A machine-rendered reading of the paper's core claim, the machinery that carries it, and where it could break.

Language models impose geometric constraints on their logit outputs that produce a distinct set of feasible top-k token rankings for each model. The paper demonstrates that these rankings identify the originating model even when an API reveals only orderings and not probability values. Because recovering a model that matches a given set of feasible rankings is NP-hard, the signature resists efficient forgery. This property enables APIs to release rankings as a verifiable identifier while limiting exposure enough to block parameter stealing when k is kept small. The k threshold needed to reveal the signature is typically lower than the threshold required to stop stealing attacks.

Core claim

Every language model possesses a unique collection of feasible top-k rankings for large enough k. Finding any other model that shares exactly the same collection is NP-hard, establishing the ranking set as the first known polynomially unforgeable signature. Rankings still permit coarse approximation of the final-layer weights, yet restricting the exposed top-k to a sufficiently small value prevents useful stealing while preserving the signature.

What carries the argument

The set of feasible top-k rankings induced by a model's logit geometry, which uniquely identifies the model and renders forgery NP-hard.

If this is right

  • APIs can release token rankings to prove model identity without enabling forgery.
  • Parameter stealing from rankings remains possible but is blocked by limiting the exposed k.
  • Signature revelation requires smaller k than the k needed to prevent stealing.
  • Rankings supply a more restrictive interface than full logits while retaining identifiability.

Where Pith is reading between the lines

These are editorial extensions of the paper, not claims the author makes directly.

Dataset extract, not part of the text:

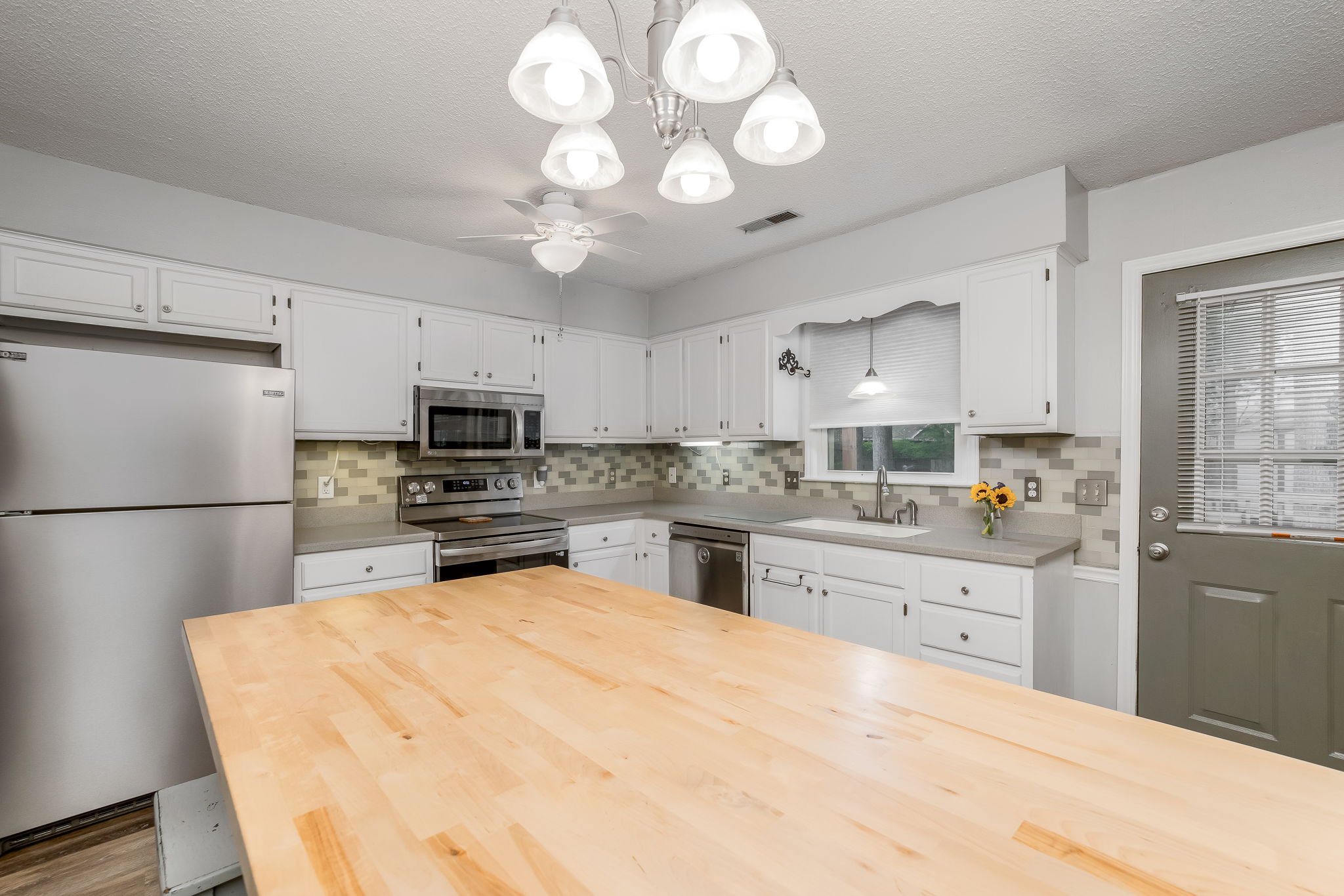 1106 Pepper Hill Rd-13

  • The same geometric hardness might apply to other partial output interfaces such as top-k with ties or sampled tokens.
  • APIs could combine ranking signatures with other lightweight checks to strengthen model provenance without full logit exposure.
  • Determining the smallest k that guarantees uniqueness for a given model family would be a direct next measurement.

Load-bearing premise

A model's parameters create geometric constraints on logits that yield a set of feasible rankings both unique to that model and whose matching problem is NP-hard.

What would settle it

Finding two different models that share identical feasible top-k ranking sets for all sufficiently large k, or exhibiting a polynomial-time algorithm that constructs a model matching an observed set of rankings.

Figures

Figures reproduced from arXiv: 2606.04459 by Andreas Grivas, Matthew Finlayson, Swabha Swayamdipta, Xiang Ren.

Figure 1
Figure 1. Figure 1: We consider the setting where an language model API reveals token rankings, but not [PITH_FULL_IMAGE:figures/full_fig_p002_1.png] view at source ↗
Figure 2
Figure 2. Figure 2: Distribution of feasibility boundaries (smallest [PITH_FULL_IMAGE:figures/full_fig_p004_2.png] view at source ↗
Figure 3
Figure 3. Figure 3: The realization of the simple allow￾able sequence (1). Projecting the points onto a vector gives a token ordering. Rotating the vector gives a sequence of token rankings [PITH_FULL_IMAGE:figures/full_fig_p005_3.png] view at source ↗
Figure 5
Figure 5. Figure 5: Checking assumptions for parameter stealing. Left: [PITH_FULL_IMAGE:figures/full_fig_p007_5.png] view at source ↗
Figure 6
Figure 6. Figure 6: Approximate parameter recovery from rankings on Pythia 70M as the number of training [PITH_FULL_IMAGE:figures/full_fig_p008_6.png] view at source ↗
Figure 7
Figure 7. Figure 7: Exposing the signature, but not the parameters. Top: as top- [PITH_FULL_IMAGE:figures/full_fig_p009_7.png] view at source ↗
Figure 8
Figure 8. Figure 8: The probability that a randomly selected ranking can be output by a language model with [PITH_FULL_IMAGE:figures/full_fig_p013_8.png] view at source ↗
Figure 9
Figure 9. Figure 9: Probability that a random top-𝑘 ranking is feasible for random 10,000×100 matrices sampled from the standard normal distribution N (0, 1). The shaded region indicates the 95% confidence interval, estimated from 30 sampled matrices for each top-𝑘 size. The data show a phase-change between 𝑘 = 9 and 𝑘 = 16, where the matrices go from high to low coverage of top-𝑘 argsorts. By definition, the Pearson correlat… view at source ↗
read the original abstract

Language model parameters are known to impose unique (to each model) geometric constraints on their logit outputs, which serves as a signature that identifies the model, but also leaks the model's final layer parameters when an API distributes logits. We investigate more restrictive APIs that expose token rankings (i.e., their ordering by probability, but not the probability values) and find that rankings also constitute a signature: every model has a unique set of feasible top-$k$ rankings for sufficiently large $k$. Furthermore, the ranking signature is the first known (polynomially) unforgeable signature, since finding a model with the same set of feasible rankings is NP-hard. On the security front, we find that token rankings are already sufficient to approximately steal the final layer of the model, similar to logits, though the approximation is too coarse to forge the signature, and can be effectively countered by restricting the API to top-$k$ tokens with sufficiently small $k$. Since the top-$k$ required to present the model signature is generally smaller than the $k$ required to prevent stealing, it is possible for an API to present an unforgeable signature without leaking model parameters.

Editorial analysis

A structured set of objections, weighed in public.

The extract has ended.